I’ve received a lot of response to my recent Letter to the Editor concerning the repaving of highways using the chip-seal method. All have been highly critical of the process.
In that letter, I stated that I had written to the Department of Transportation, but had not yet received a reply. On Sept. 21, I did receive a reply, to-wit:
Thank you for your concerns regarding the condition of the recently repaved area SE of Rushville on US Hwy 52. We recognize the issues and plan to be on site Monday, Sept. 24 to begin rectifying the situation.
This rather odd and apologetic response indicates to me that, sans complaints, INDOT had considered the US 52 “repav(ing)” to be complete and nothing further would have been done. This, even though the road surface had been “ground off” leaving that familiar diamond design with apparently just some liquid tar poured over it.
One week after receiving the response from Ms. Hull, a brief story appeared in the Rushville Republican which contained the following information:
“...at 8 a.m. Monday (a week later than previously announced), ...crews will start laying a special application of liquid asphalt and #11 limestone aggregate, found to be an optimum combination of stone size and application rate, covering surface defects in the travel lanes with a satisfactory surface for wintertime driving.”
“Motorists are advised to drive slowly around freshly applied liquid asphalt and the UPSIZED (my caps) aggregate. The asphalt can splatter onto tires and vehicle finishes. Loose stone can damage cars and windows.”
I’d like to cite here comments made to me by readers, but space limitations prevent that. Those comments are from insurance agents, residents along the highways, and general road users. Write me and I’ll send them to you via e-mail.
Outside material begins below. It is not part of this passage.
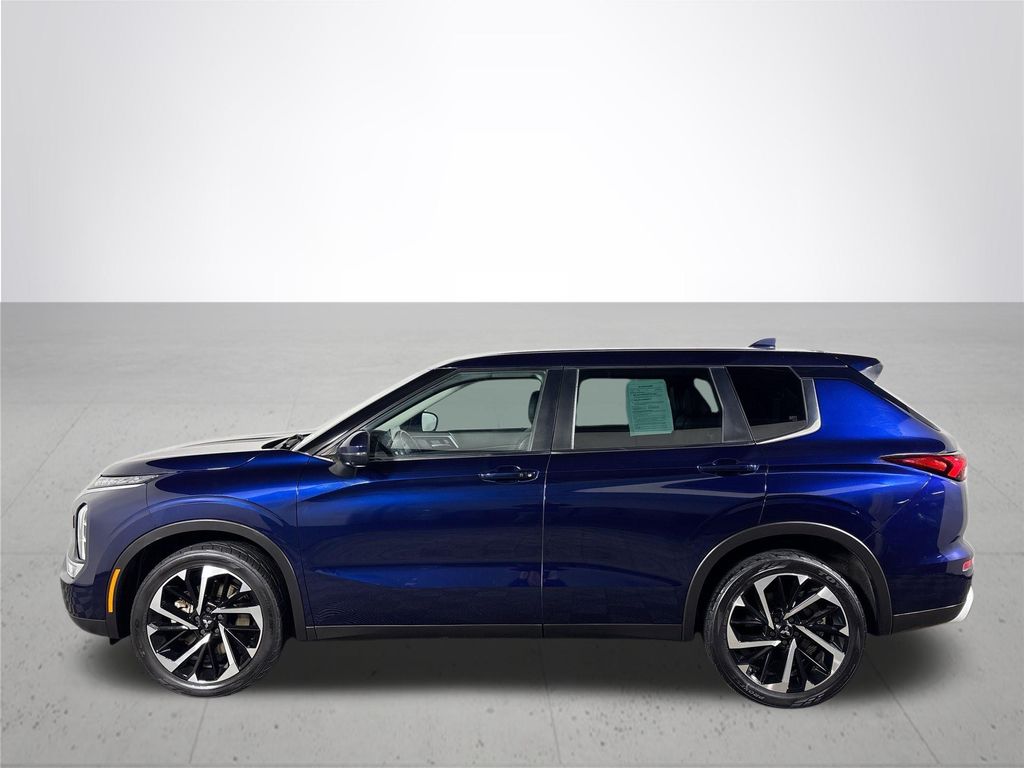2023 Mitsubishi Outlander SE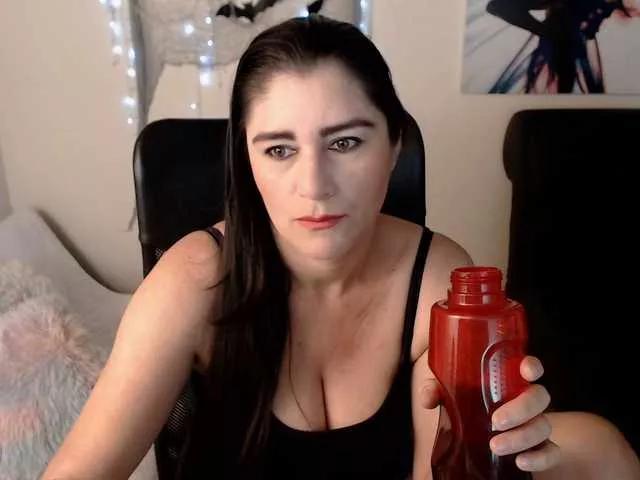 JIMENAMILFX on BongaCams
The work now being belatedly done on US Hwy 52 will utilize “upsized aggregate” suitable for “wintertime” driving. I take these to be code words meaning a surface that is noisier, rougher and guaranteed to wear your tires out sooner.
Conclusion: INDOT presumably saves money, but you pay more while at the same time enduring the ugliness, noise and excessive tire wear incurred by the dreadful chip-seal method of resurfacing our highways.